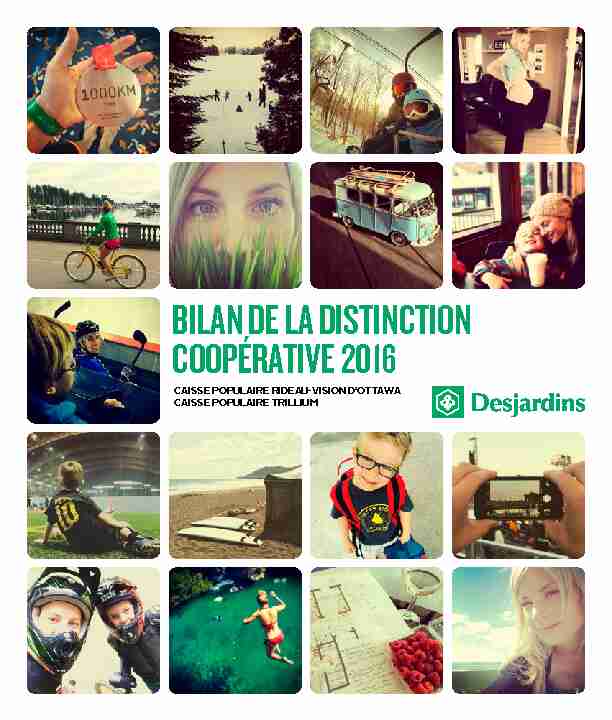 BILAN DE LA DISTINCTION COOPÉRATIVE 2016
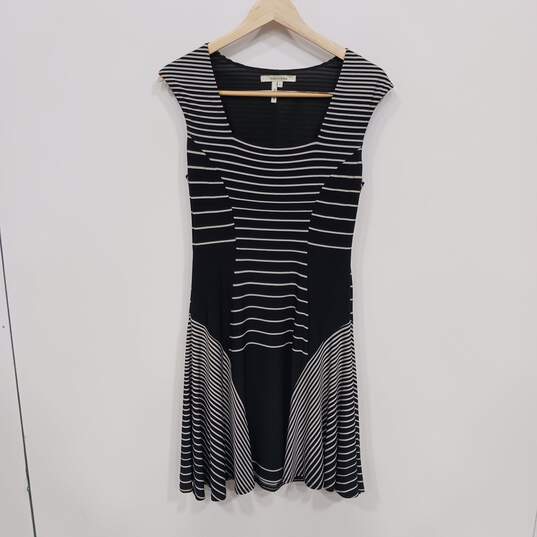 Max and Cleo Women's Black/White Striped Sleeveless Dress Size 8 image number 1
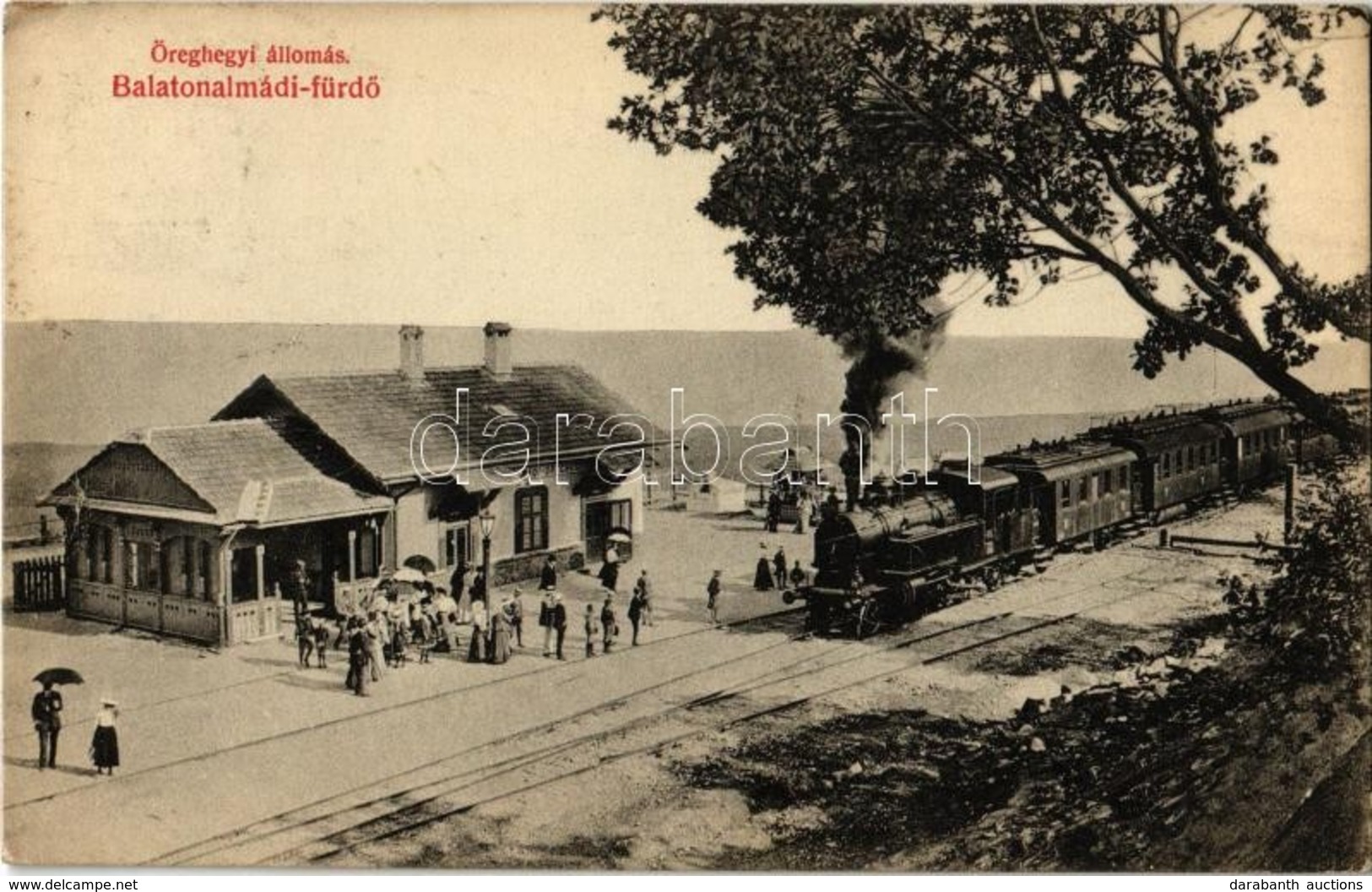 T2 1912 Balatonalmádi, Öreghegyi állomás, Vasútállomás, érkező Gőzmozdony. Kiadja Fodor Ferenc + 1912 Balatonalmádi-Öreg - Ohne Zuordnung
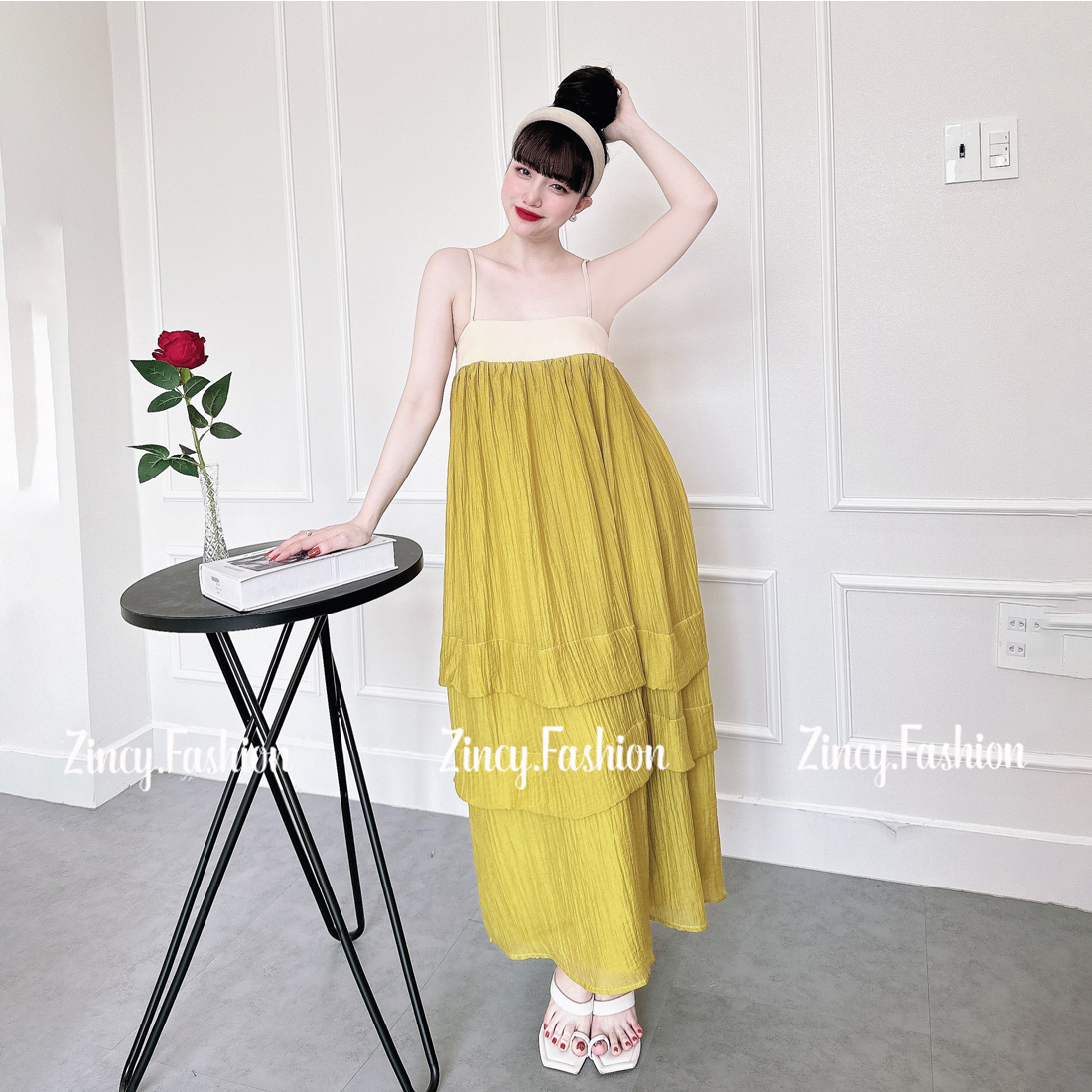 Đầm suông 2 dây maxi đi biển đi chơi, váy bigsize nữ dáng dài đơn giản Zincy 2SUD002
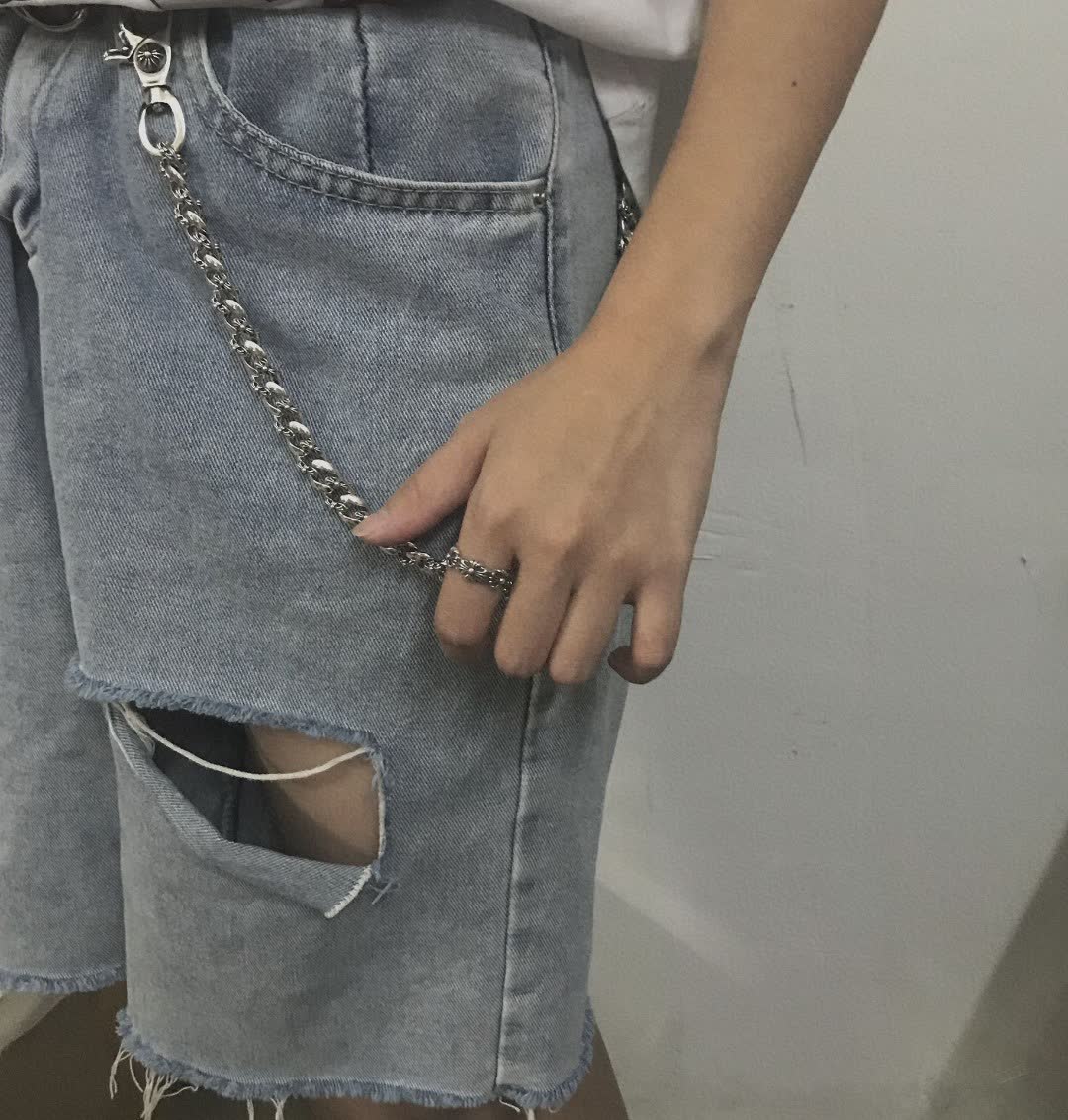 Chrome Hearts Silver Keychain with Beads and Lobster Clasp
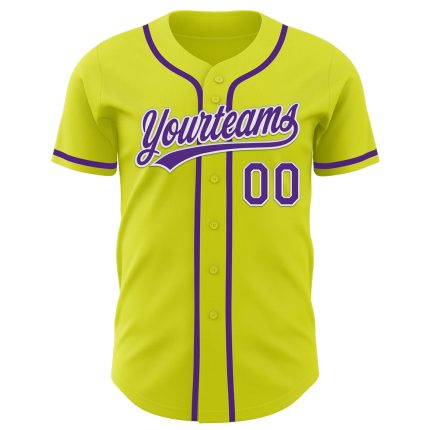 Personalized Neon Yellow Purple-White Authentic Baseball Jersey Team Custom Name and Number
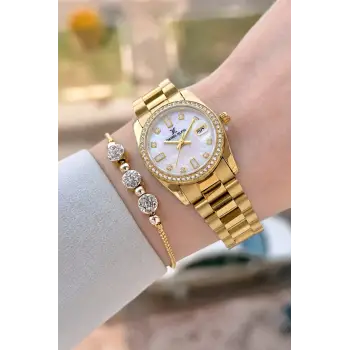 Gold Renk 28 Mm Kadın Kol Saati ve Bileklik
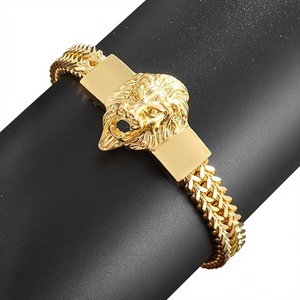 กำไลข้อมือ Orelia Luxe รูปหัวสิงโตสีทอง ดีไซน์แบบ Cuban Link สไตล์ฮิปฮอป ทันสมัย ลายสัตว์ สำหรับผู้ชาย ชุบทอง 18K ของขวัญเครื่องประดับ - Product Image 1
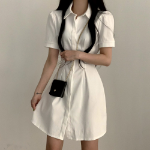 Свободный размер-Слоновая кость-Мини-платье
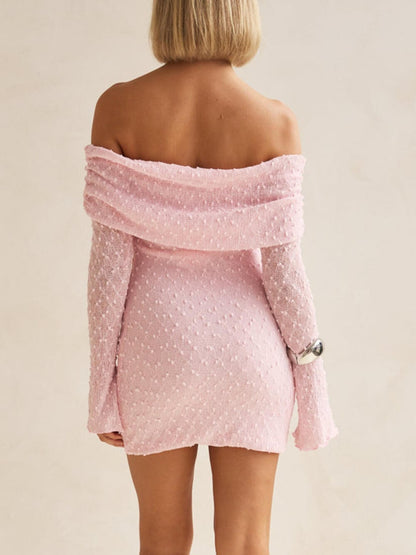 Zomer Boucle Brei Off-The-Shoulder Halslijn Prom Mini Jurk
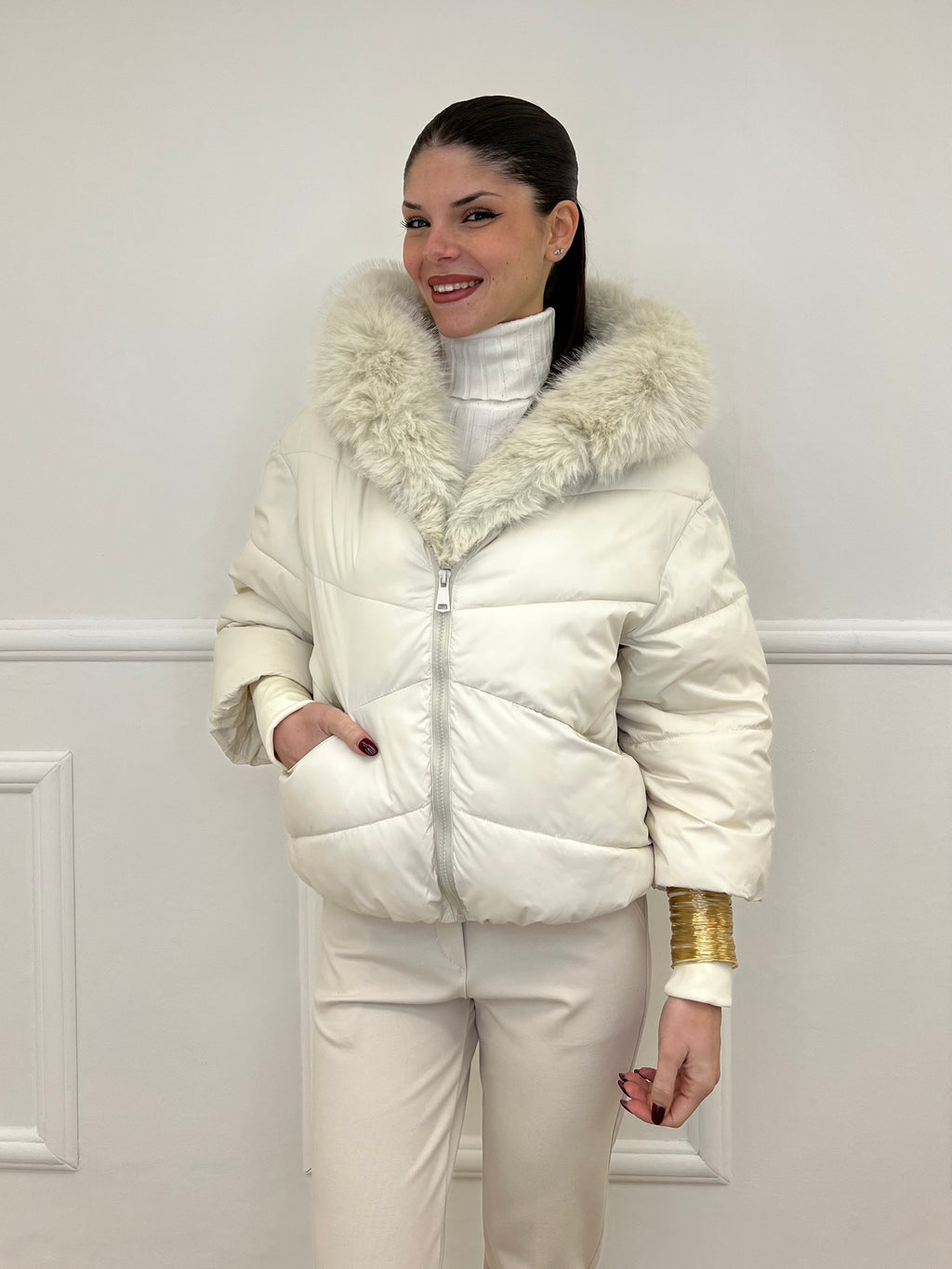 Piumino Over 2884 Panna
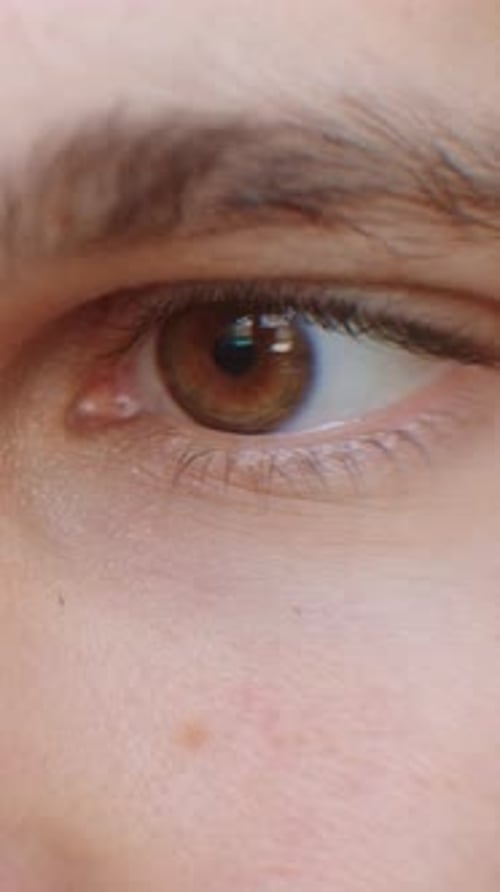 Cinematic Close Up of a Human Brown Eye Slowly Shifting Gaze Revealing Subtle Reflections on the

• _Directions for this task_
Starting with the line that holds "Свободный размер-Слоновая кость-Мини-платье", return each line exactly through the final line of the entries above; pictures are not part of the output.

• _Answer section_
 Свободный размер-Слоновая кость-Мини-платье
 Zomer Boucle Brei Off-The-Shoulder Halslijn Prom Mini Jurk
 Piumino Over 2884 Panna
 Cinematic Close Up of a Human Brown Eye Slowly Shifting Gaze Revealing Subtle Reflections on the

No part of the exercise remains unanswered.